John Singer Sargent ― 2012年06月23日 18:17
リンクのほうに、載せながら気がついたんだが、こりゃリンクというものとはちょっと違うよね。そんで、ブログのほうに後から移して行くことにしたんだ 。
もっともベラスケスの『ラス・メニーナス』のパロディは山ほどあって、ピカソですら描いてる。ダリもだって。
ヴァーチャル絵画館 ジョン・シンガー・サージェント
15世紀の肖像画を思わせる真横からの造形が美しいこの女性、とても身分が高そうだが、どうやら、向かって左の肩紐が落ちていたらしいんだな、最初は。 ・・・それだけ?

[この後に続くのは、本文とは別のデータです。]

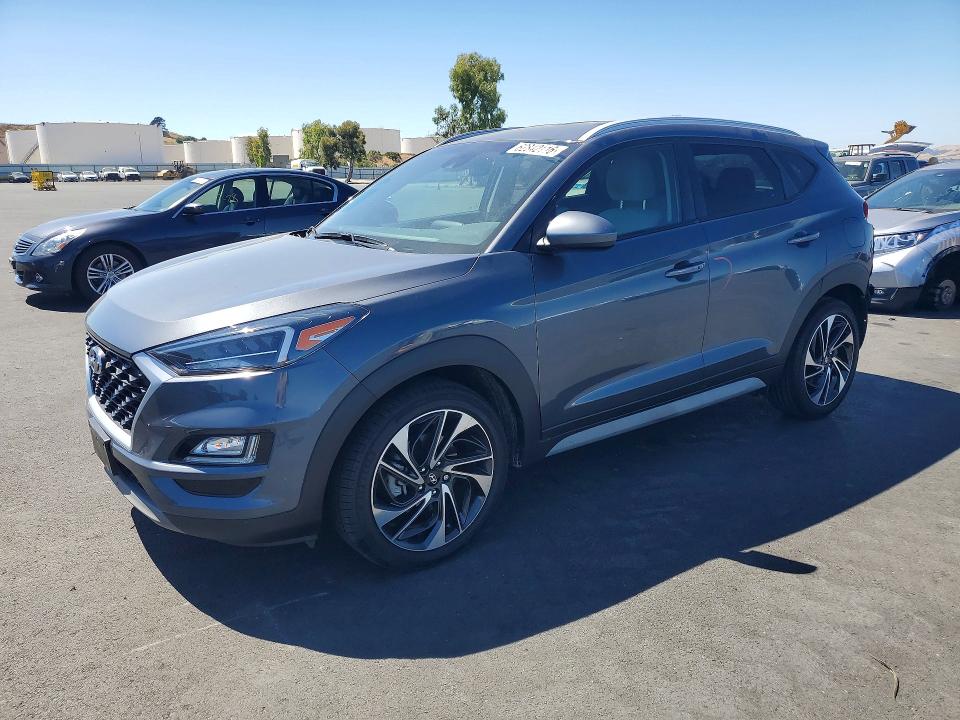 62842116 :رقم المزاد ، KM8J33AL6KU041147 vin ، 2019 Hyundai Tucson مزاد بيع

としても、それがなんでスキャンダルになるのかって言うと、やっぱり、肖像が、リアルだったことから、当時社交界で有名な人物が特定できた事(Xって、やっぱり匿名という意味だったんだろうけど)と、そのだらしなさが官能的とか下品とかで実際、完成した絵の受け取りを拒否されたりと、まあ、大変だったらしい。・・・もったいないなあ。今の感覚から言うと、やっぱり、よく分からんが。
別に何か、作為的なものは感じられないけど。
横顔が特徴的。なんでそんなに目くじらを立てなきゃならんかったのか、やっぱり、よく分からん。社交界は”謎の世界”なんだな、一般庶民には。
そういえば、むかし、師匠がヨーロッパに行って、メビウスやらシュイッテンらと初めて交流を持ったときに、帰ってきてから盛んに、
「向こうのやつらは、生まれ以外のほかのこと、たとえば才能とか、事業とかで成り上がった者を軽蔑するような態度をとるんでムカつく!」
みたいな事を言ってたな。要するに、そういうことなんだ。
ホントは、少年の頭部を描いた魅力的な絵があって、ここに置きたかったんだけど。
どこかで見た事があるんだけど、ネットで調べても分からない。>教えて、知ってる方。
少年少女がうまい画家は最高だ。おそらく人生の一番琴線にふれる部分を忘れていないんだ。誤解を恐れずに言えば、人生は子供の時代を送るためにあるって言う人がいるくらいだからね。荒波の中を潜り抜けてゆがむ前の、神に祝福されたままの姿に、不安とか傲慢とか不遜とか無垢とか、恥じらいとかいろんな宝ものが入ってる。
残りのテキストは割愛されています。